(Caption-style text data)

────────────────

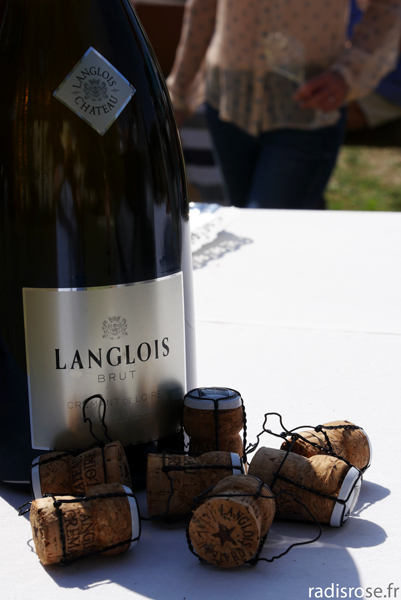 garden party lors de Festivini, un festival qui allie culture et gastronomie autour des vins de Saumur à l'abbaye de Fontevraud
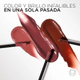 Labial Líquido L´Oréal Paris Infaillible Laque Resistance Toasted Beige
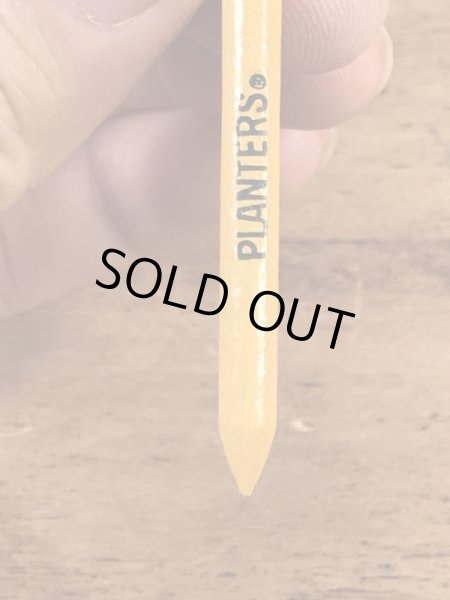 アメリカの食品メーカー“プランターズ”のヴィンテージゴルフのティー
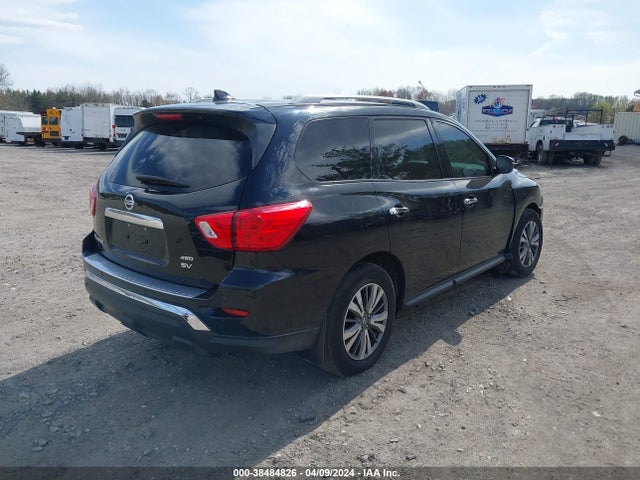 Nissan Pathfinder Sv 4wd 2020 5N1DR2BM6LC621275 Image 4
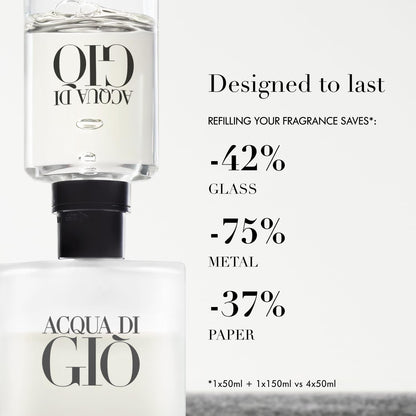 Giorgio Armani Acqua Di Gio Eau de Toilette for Men 3.4 oz / 100ml Spray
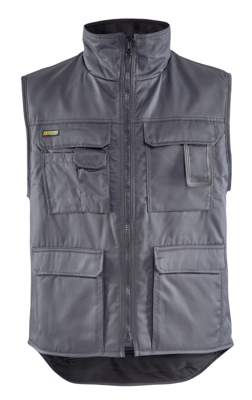 Blåkläder Bodywarmer 38011900 | Grijs | Maat S - 7330509306390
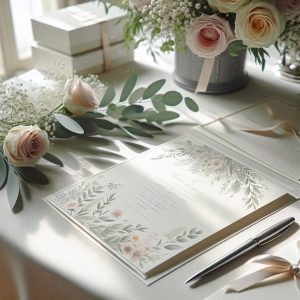 Lire la suite à propos de l’article Le faire-part de mariage : un élément clé de votre préparation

────────────────

Your goal
All of the records above are to be copied exactly, minus the pictures.

Response
 garden party lors de Festivini, un festival qui allie culture et gastronomie autour des vins de Saumur à l'abbaye de Fontevraud
 Labial Líquido L´Oréal Paris Infaillible Laque Resistance Toasted Beige
 アメリカの食品メーカー“プランターズ”のヴィンテージゴルフのティー
 Nissan Pathfinder Sv 4wd 2020 5N1DR2BM6LC621275 Image 4
 Giorgio Armani Acqua Di Gio Eau de Toilette for Men 3.4 oz / 100ml Spray
 Blåkläder Bodywarmer 38011900 | Grijs | Maat S - 7330509306390
 Lire la suite à propos de l’article Le faire-part de mariage : un élément clé de votre préparation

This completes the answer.